A few weekends ago, it was perfect outside. Jeff and I spent the day tooling around the Hirshhorn and National Gallery. At the Hirshhorn, I told him how Francis Bacon said he met his lover George Dyer when Dyer attempted to burglarize his home. It had been a long time since I last got to talk about about Francis Bacon with someone who didn’t know much about him but cared to hear about it.

Dean and Britta were performing 13 Most Beautiful …, their album of song tributes to some of the most stunning screen tests by Andy Warhol, at the Gallery. We slumped against the wall and shared a magazine while we waited in line, and he held my hand during their performance. I never listened to Luna, the band Dean and Britta previously played in together, somehow, though it seems like something I would have been very interested in being very into when I was in high school and college. Anyway, it’s just my thing. I love these songs.
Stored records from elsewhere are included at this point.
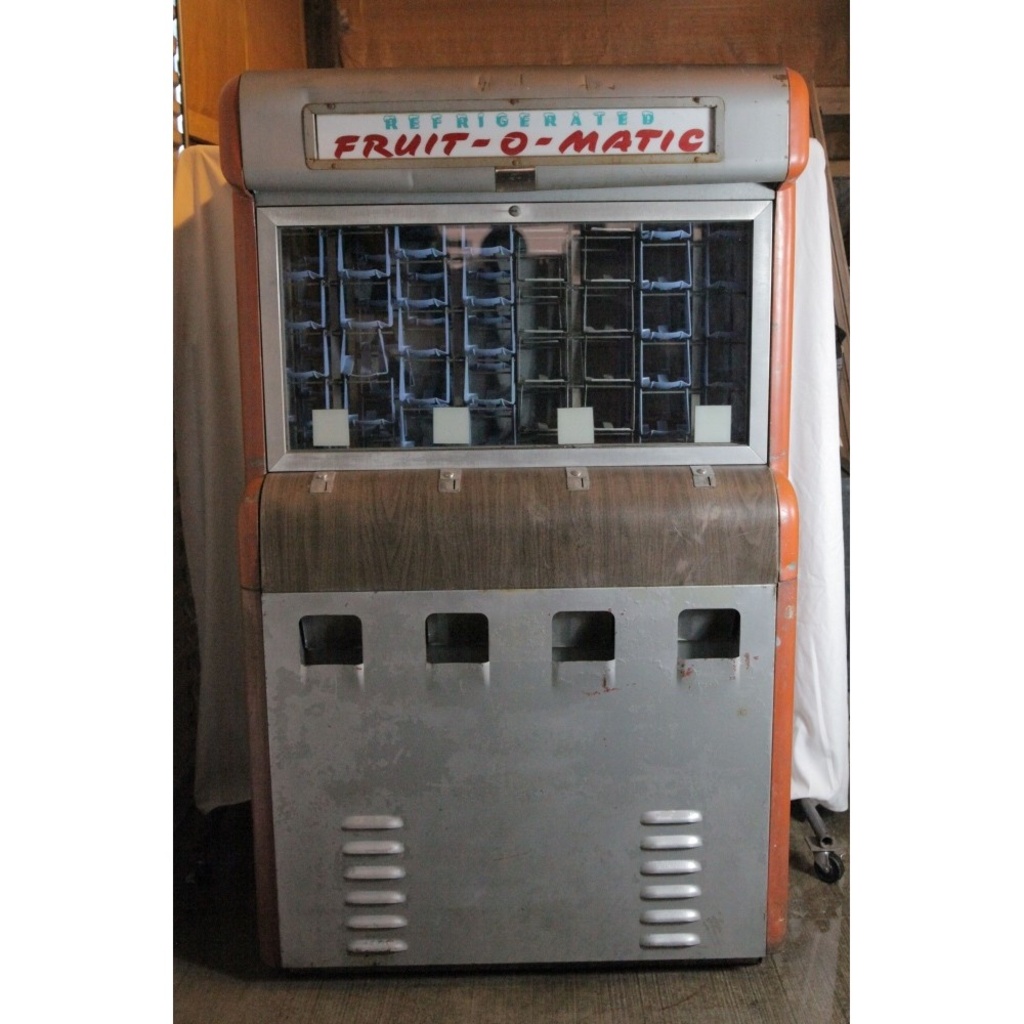 Fruit-O-Matic Coin Op Fresh Fruit Merchandiser | Art, Antiques &  Collectibles Collectibles Vintage Arcade & Coin-Op Machines Vintage Arcade  Games | Online Auctions | Proxibid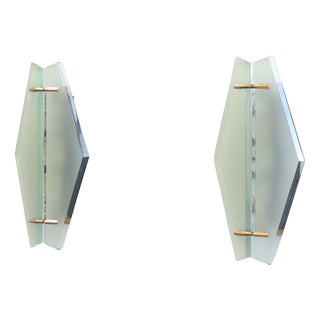 Max Ingrand for Fontana Arte Large Wall Lamps Model 1943, 1960, Set of 2 For Sale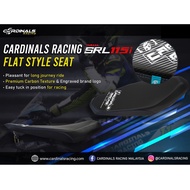 SRL115 Y15ZR CARDINALS RACING SEAT ( FLAT DESIGN ) + FREE SEAT DAMPER TEMPAT DUDUK SIT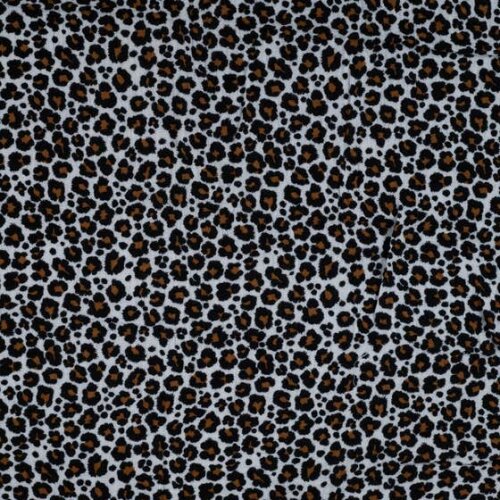 Musselin Glatt -Leo - cremebeige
Then we ate bar food and drank beer at the Red Derby. Jeff knows most of the bartenders there, and the server was reading US Weekly and reading interesting and hilarious bits from it out loud to us. After our meal, we went to see Ted Leo in a church basement. A lot of people I know through Clark were there. I walked in and was a coin that had been flipped. With tails facing up, the part of me who took care of Clark dwarfs the part who loves Jeff and dreamy music and art museums. I am struggling in my search for a balance.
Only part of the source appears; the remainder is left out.